__TASK STATEMENT__
Skip all pictures; return exactly the lines from the one containing "5406 Radecke Avenue" through the end of the data.

####

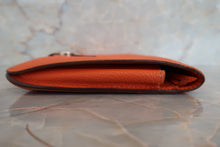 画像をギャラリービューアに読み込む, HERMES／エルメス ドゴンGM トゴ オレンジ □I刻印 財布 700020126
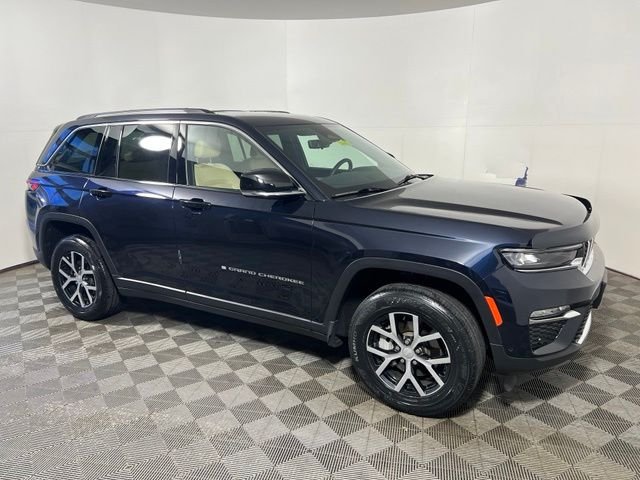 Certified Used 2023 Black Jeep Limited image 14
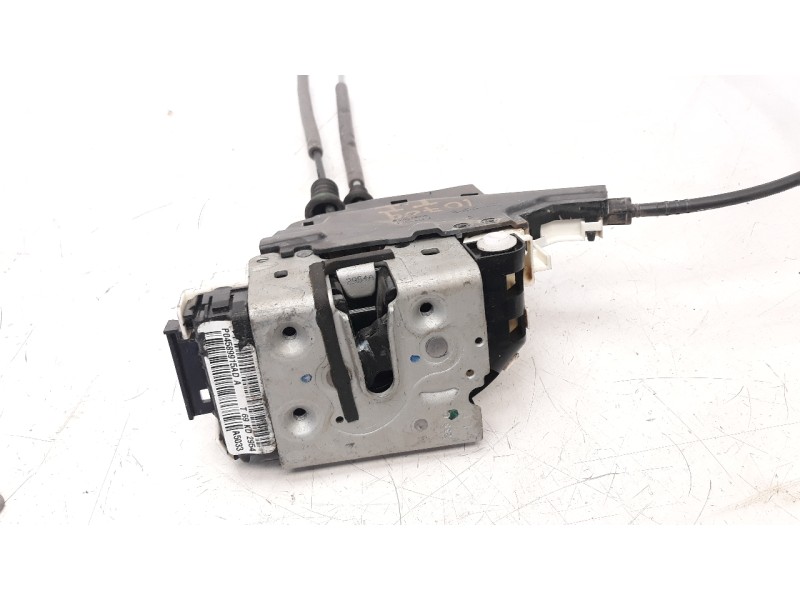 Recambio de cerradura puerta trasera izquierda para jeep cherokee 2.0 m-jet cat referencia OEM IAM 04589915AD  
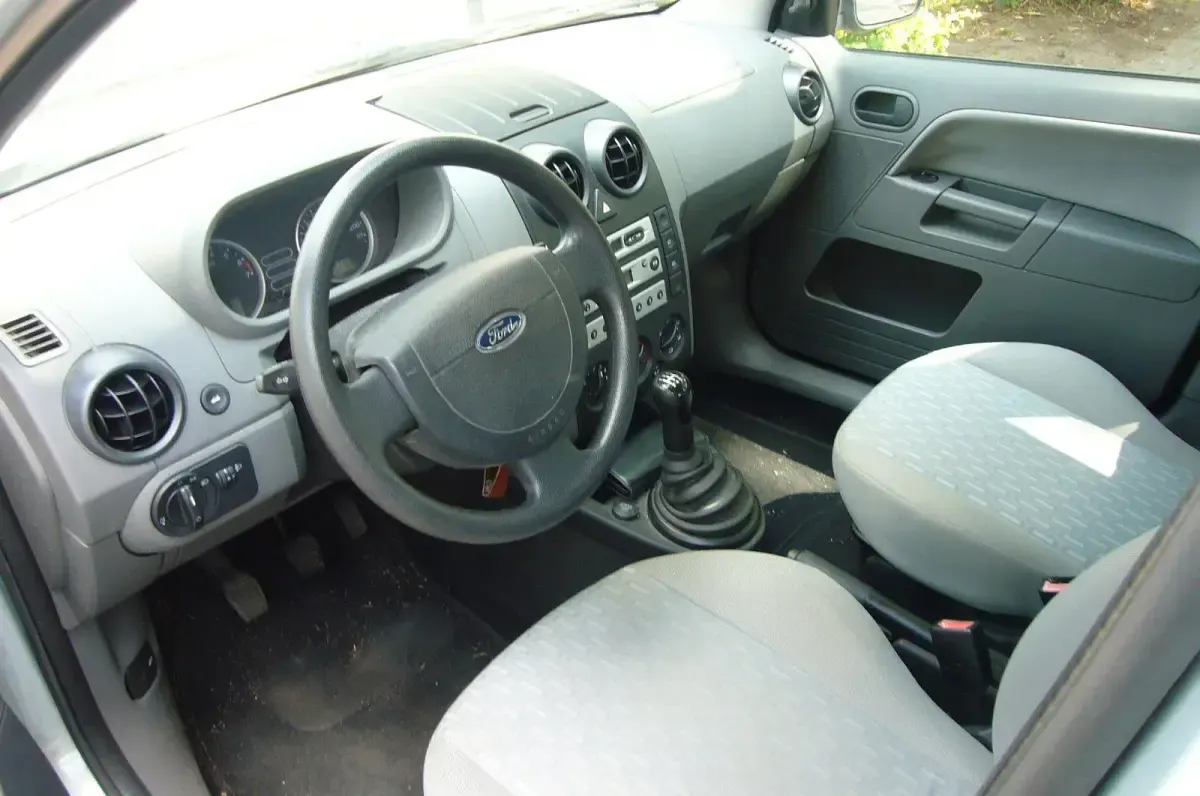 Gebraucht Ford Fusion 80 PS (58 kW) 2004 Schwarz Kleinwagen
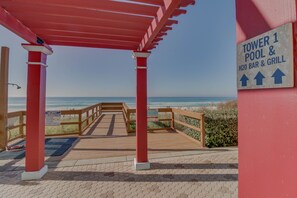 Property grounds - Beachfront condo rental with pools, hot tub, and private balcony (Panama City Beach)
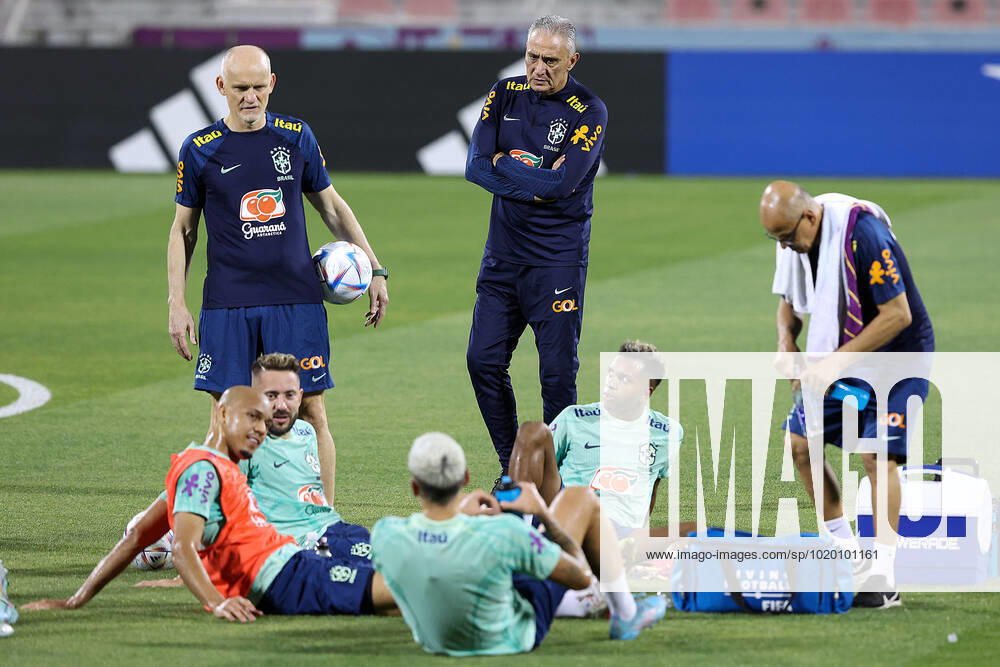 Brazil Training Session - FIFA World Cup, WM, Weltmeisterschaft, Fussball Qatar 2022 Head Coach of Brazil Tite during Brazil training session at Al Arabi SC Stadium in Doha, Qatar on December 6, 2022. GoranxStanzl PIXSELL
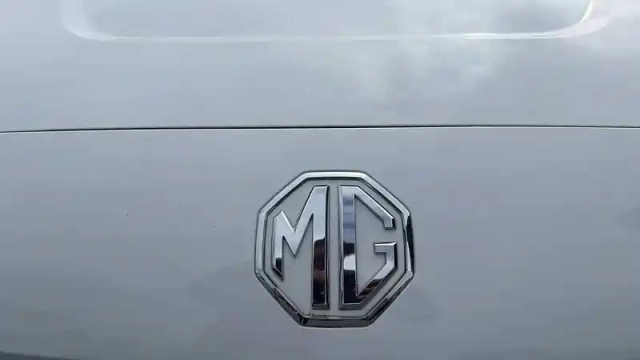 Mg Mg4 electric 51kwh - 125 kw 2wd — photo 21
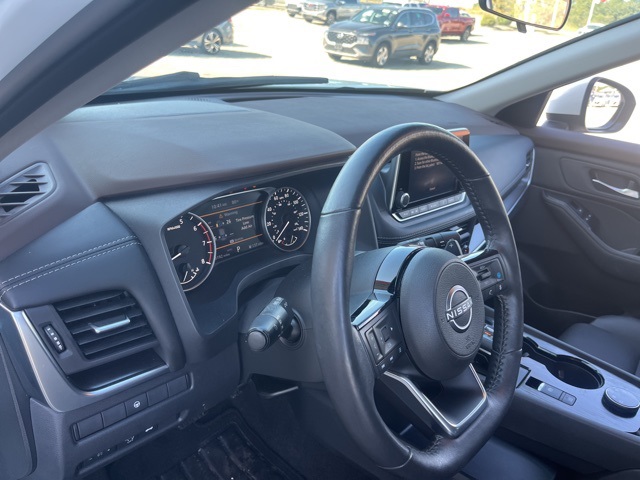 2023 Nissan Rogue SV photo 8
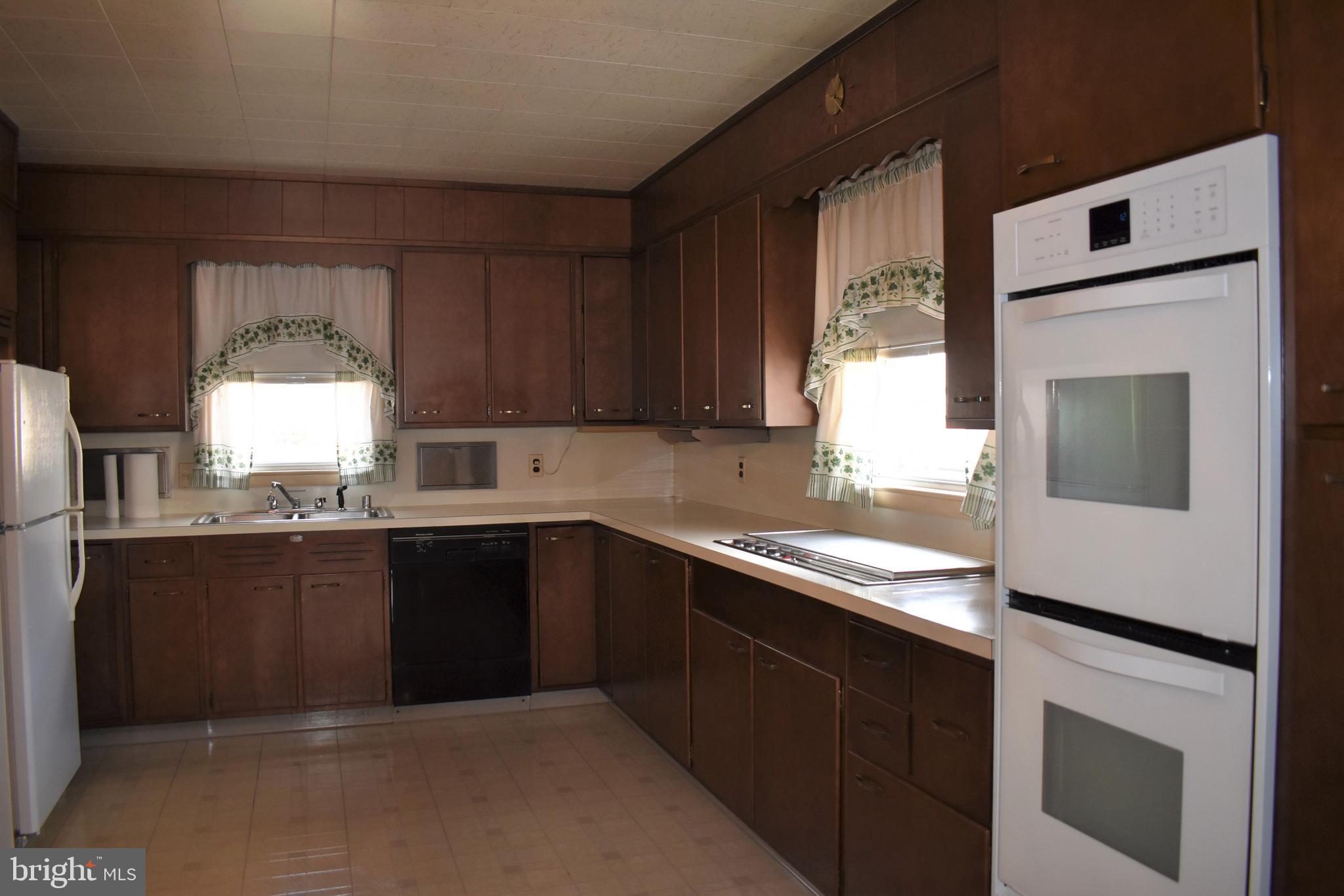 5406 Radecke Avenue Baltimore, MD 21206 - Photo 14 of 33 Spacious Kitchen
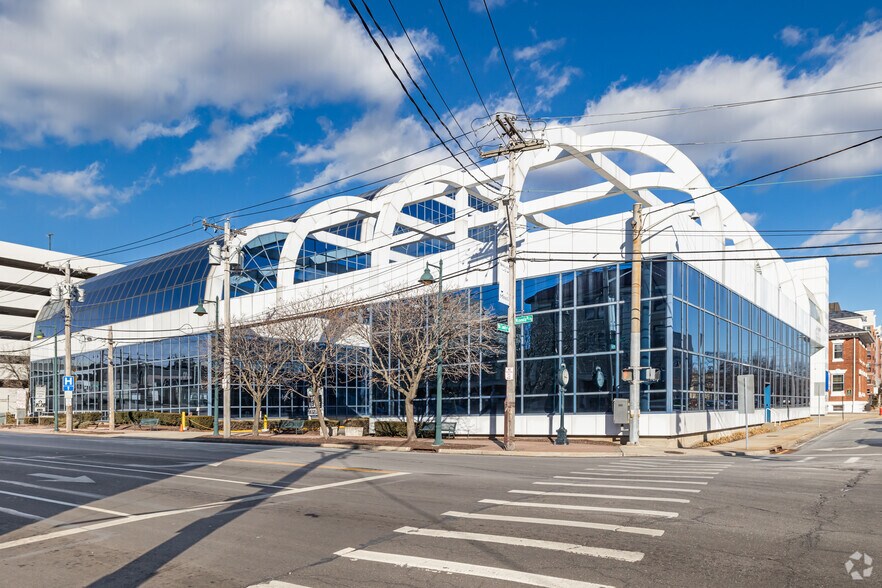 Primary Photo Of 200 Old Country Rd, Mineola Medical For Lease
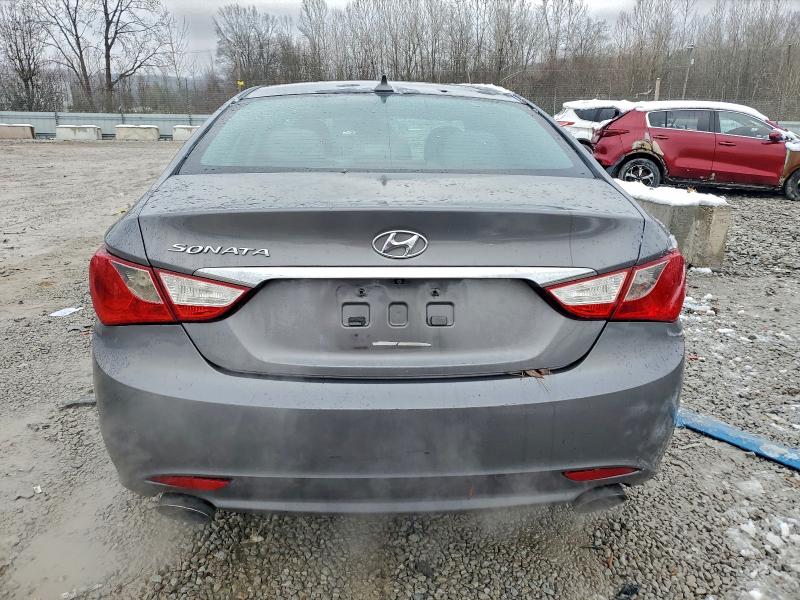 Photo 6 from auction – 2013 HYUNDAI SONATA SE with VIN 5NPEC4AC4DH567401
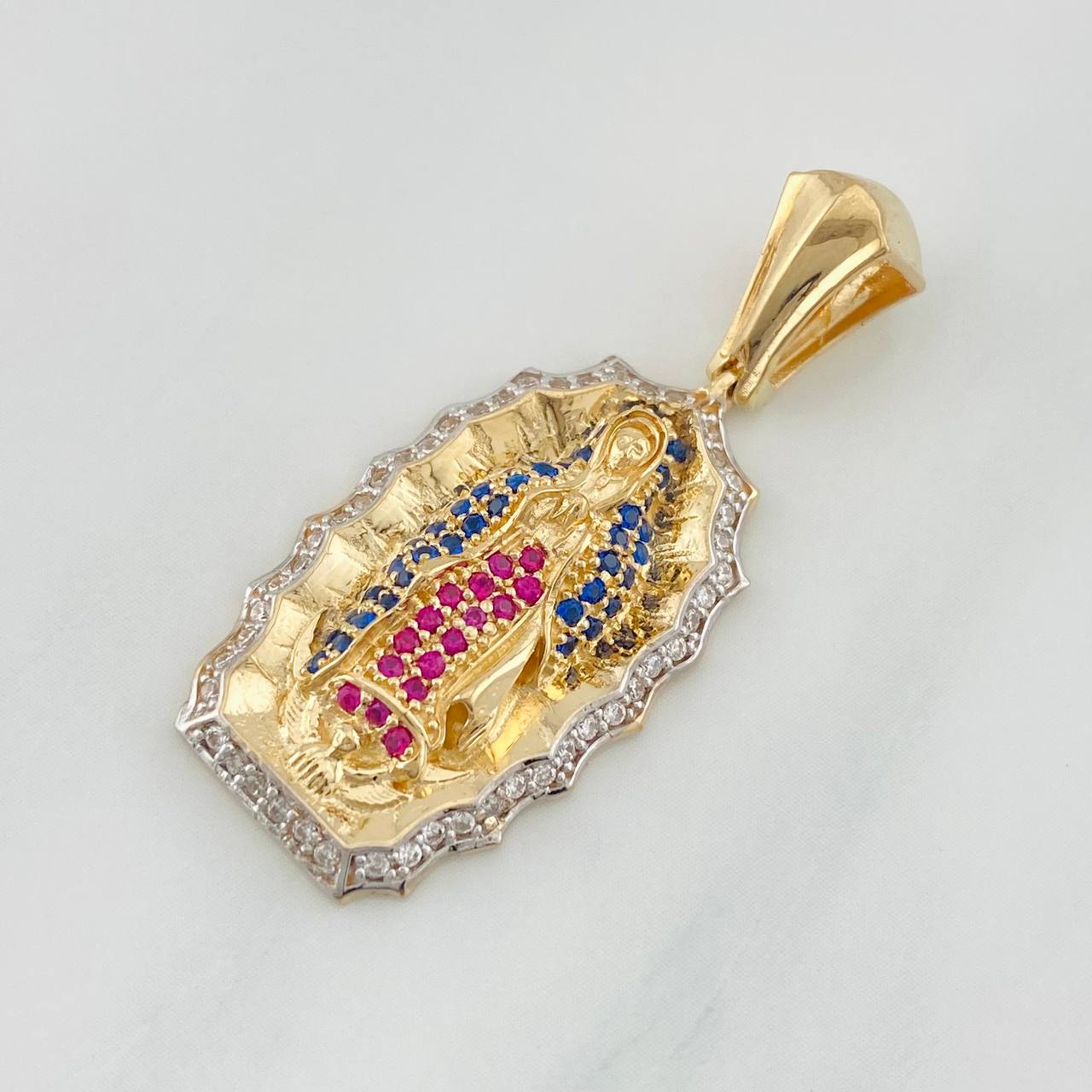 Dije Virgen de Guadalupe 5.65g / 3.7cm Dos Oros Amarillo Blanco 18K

####

__ANSWER SECTION__
 5406 Radecke Avenue Baltimore, MD 21206 - Photo 14 of 33 Spacious Kitchen
 Primary Photo Of 200 Old Country Rd, Mineola Medical For Lease
 Photo 6 from auction – 2013 HYUNDAI SONATA SE with VIN 5NPEC4AC4DH567401
 Dije Virgen de Guadalupe 5.65g / 3.7cm Dos Oros Amarillo Blanco 18K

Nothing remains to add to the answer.